Here is an example..This is the historical misinformation and distortion of Solovyev by the Roman Catholic church.
"If the Eastern churches were to be reunited with Rome, they would not have to sacrifice anything of their unique heritage." Father Ray Ryland [51]
So it was added just today that Pope Nicholas wished to change the Eastern culture as a historical FACT. By not only forcing the Eastern Orthodox to accept theological and ecclesiastical changes strictly on Papal Supremacy for his domain but that they also must conform to the changes to their own culture. Superimposed on the whole of Christianity by one man.
Here's another. This is of course to an even more perfect example of the outright lies that some POV people here on Wikipedia are willing to go to. As anyone whom goes to the Vladimir Solovyov (philosopher) article can see where Roman Catholic POV pushers deleted my sourcing from N. O. Lossky saying explicitly that Vladmir Solovyev died an Orthodox Christian and that the Roman Catholic church is spreading lies about Solovyev.[52] As Orthodox people know he is buried as an Orthodox Christian in the graveyard at Novodevichy Convent beside his father. [53] But again people shouldn't let something like the truth get in the way to their doing the good work of God, to other Christians none the less. LoveMonkey (talk) 21:53, 21 February 2013 (UTC)

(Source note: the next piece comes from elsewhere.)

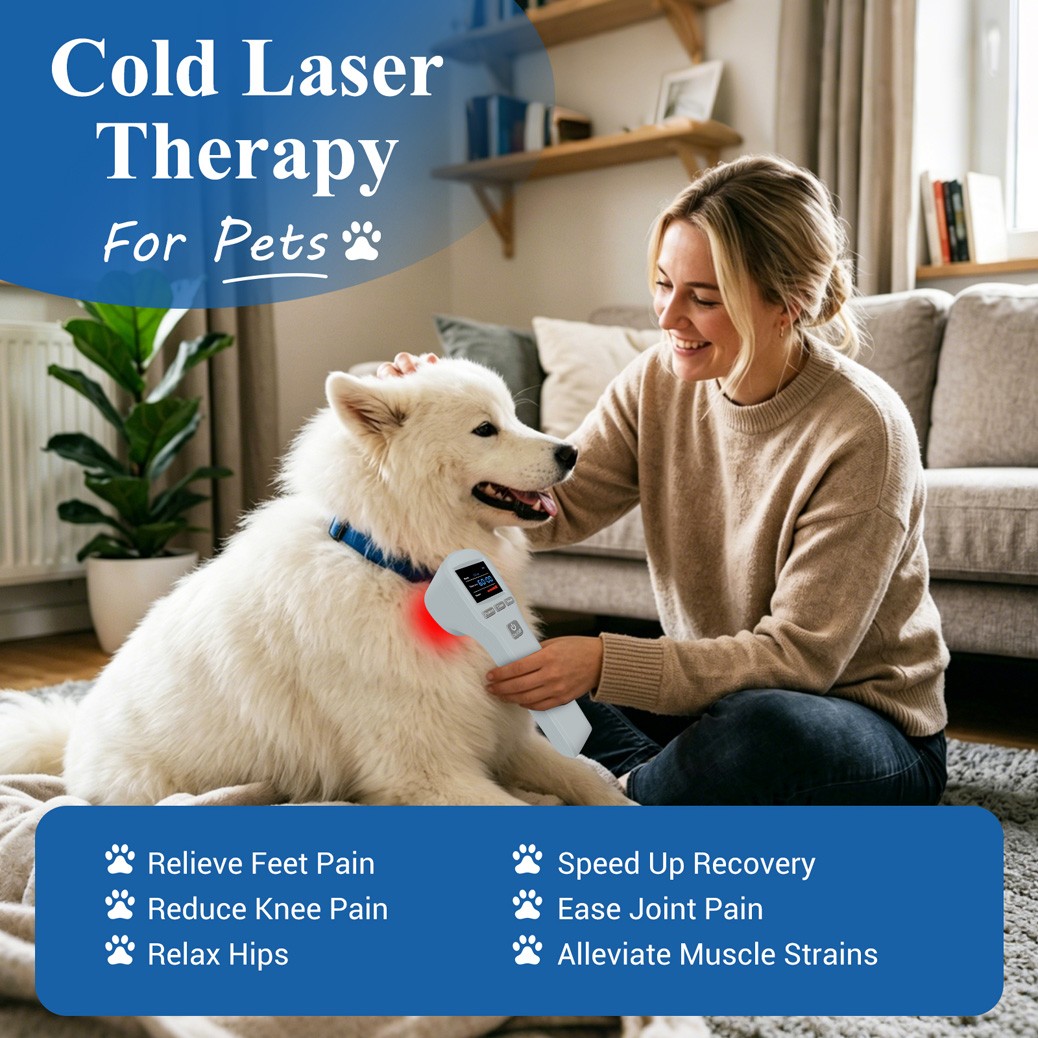880mW Cold Laser Therapy Device for Pain Relief Arthritis Tennis Elbow Human Pet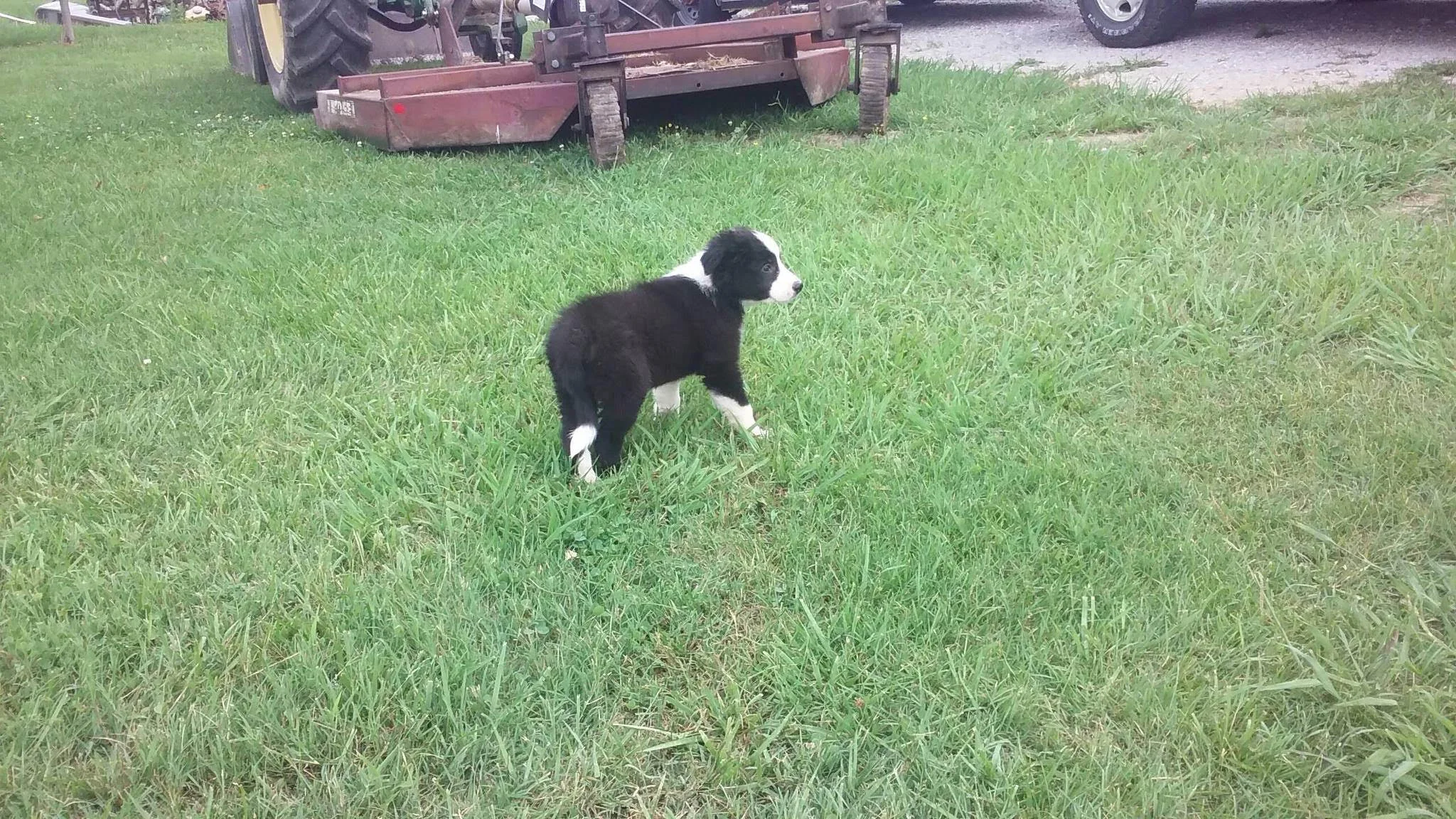 puppy.jpg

My edit does not mention Solovyov or say that either side was right in the rivalry between Michael Palaeologus and Charles of Anjou. It did mention that Pope Nicholas III tried to insist on actual application of the acceptance in Lyon of the Filioque doctrine - again without making a value judgement, sourced or unsourced, on his action. The above comments are overwhelmingly value judgements, as if in a discussion forum. The implied statement that Michael's efforts indicated the existence of "an alliance with the Eastern Orthodox" is false: the fact that Michael had to make those efforts shows instead that the Eastern Orthodox (apart from Michael and not many others) were not in agreement. And here too I make no value judgement for or against Michael, for or against his opponents. Esoglou (talk) 07:32, 22 February 2013 (UTC)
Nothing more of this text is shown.